China sets sights on ‘powerful home market’ to drive growth through 2019 trade turmoil
- Leadership focuses on domestic agenda to suggest it is not caving in to US demands, analyst says
China will try to develop “a powerful home market” to help offset external uncertainties next year, the country’s top leadership agreed on Thursday, roughly two weeks into a 90-day truce in the trade war with the United States.
The Politburo, the country’s highest decision-making body, said China still had a “strategic window of opportunity” and “must firmly focus on getting its own goals accomplished”, state-run Xinhua reported, signalling Beijing’s determination to limit the fallout from the trade tensions on its domestic agenda.

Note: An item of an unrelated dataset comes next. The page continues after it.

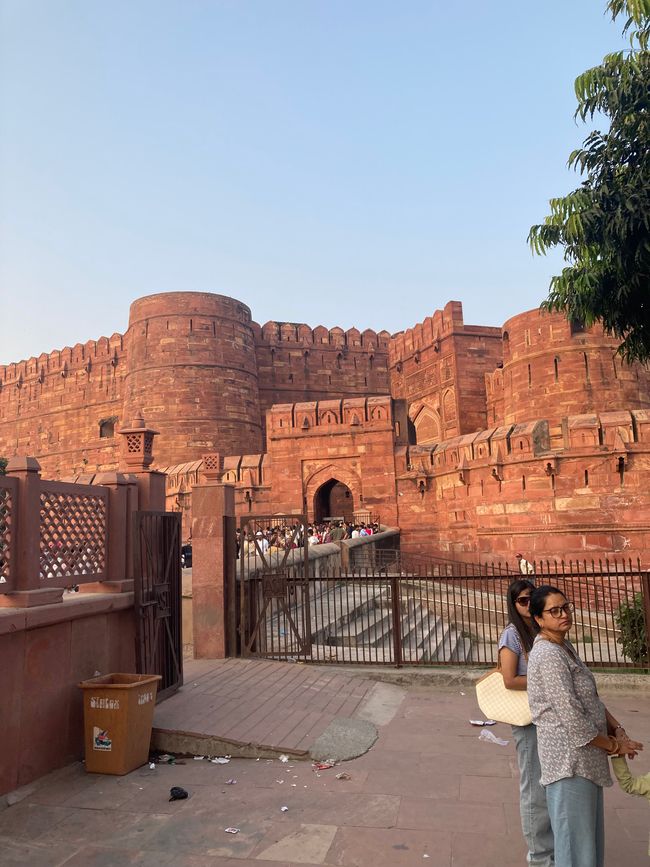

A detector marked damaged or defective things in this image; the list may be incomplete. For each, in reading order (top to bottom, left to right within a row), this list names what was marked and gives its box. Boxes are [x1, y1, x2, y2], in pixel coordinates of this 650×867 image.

rusty iron gate [132, 512, 181, 700]
rusty iron gate [238, 516, 308, 656] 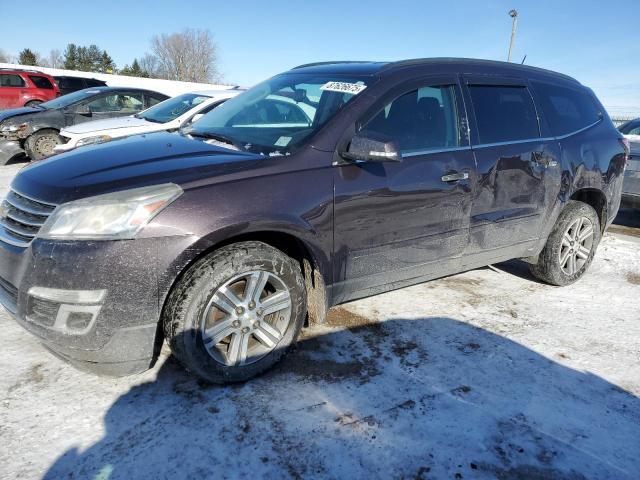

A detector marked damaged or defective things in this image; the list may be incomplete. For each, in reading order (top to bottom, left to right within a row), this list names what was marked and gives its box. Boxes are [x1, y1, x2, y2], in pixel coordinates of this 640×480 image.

white damaged car [53, 87, 244, 153] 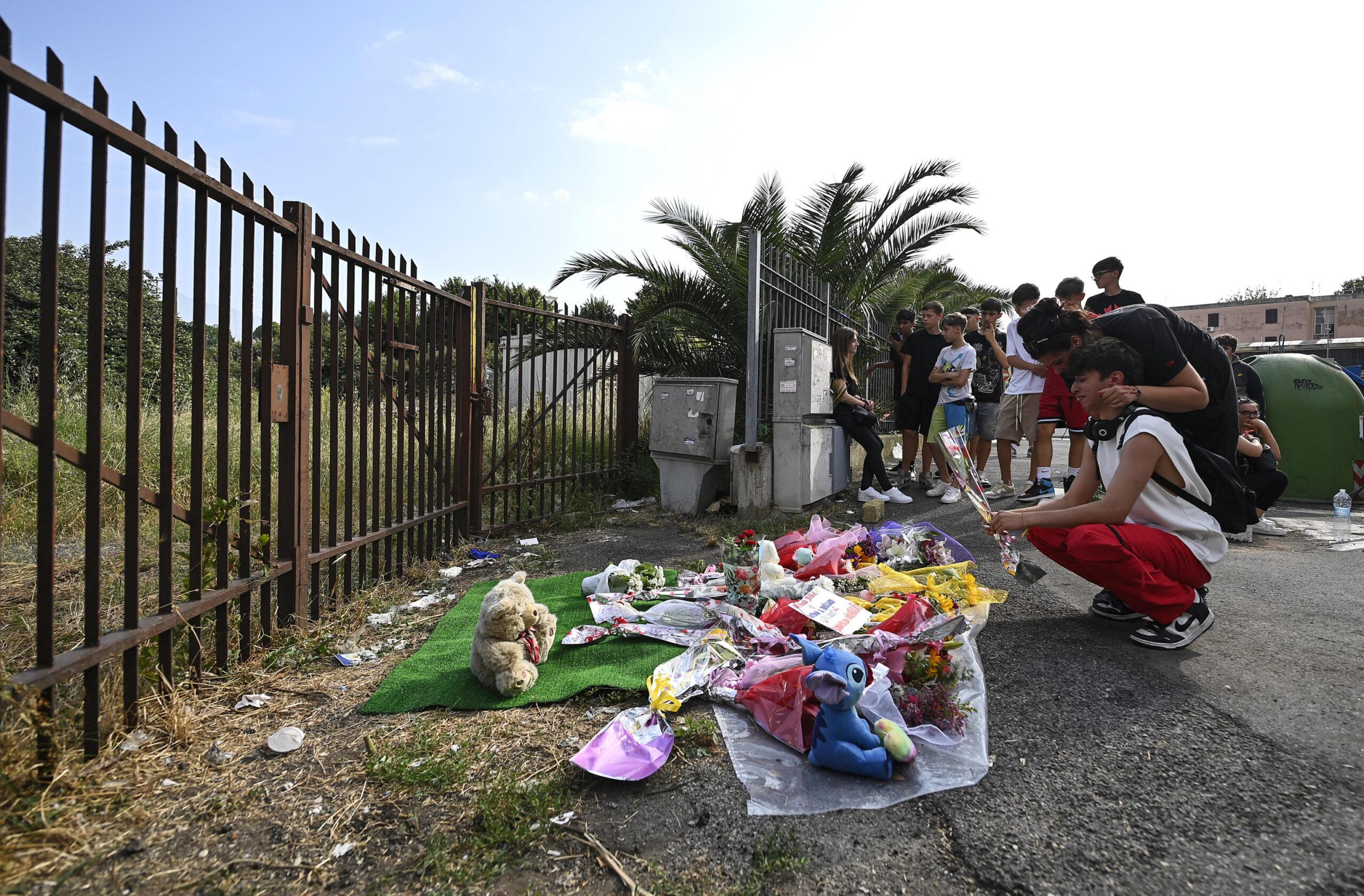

In a meeting that will set the direction for economic policy next year, the Politburo, headed by President Xi Jinping, said China should view the “latest changes in the international environment and domestic conditions” – a veiled reference to the trade war with the US and its drag on the domestic economy – in a “dialectic” manner of looking at the opposing forces at work. It also stressed the need to “keep our strategic focus and proceed in a steady manner”.
The statement comes after Xi and US President Donald Trump agreed to the truce on December 1.
Standard Chartered chief China economist Ding Shuang said Xi was trying to tell the public not to be “too pessimistic” about the trade war and the country’s economic outlook.
“Xi is trying to say that there are bad things [happening] but there are still good things,” Ding said.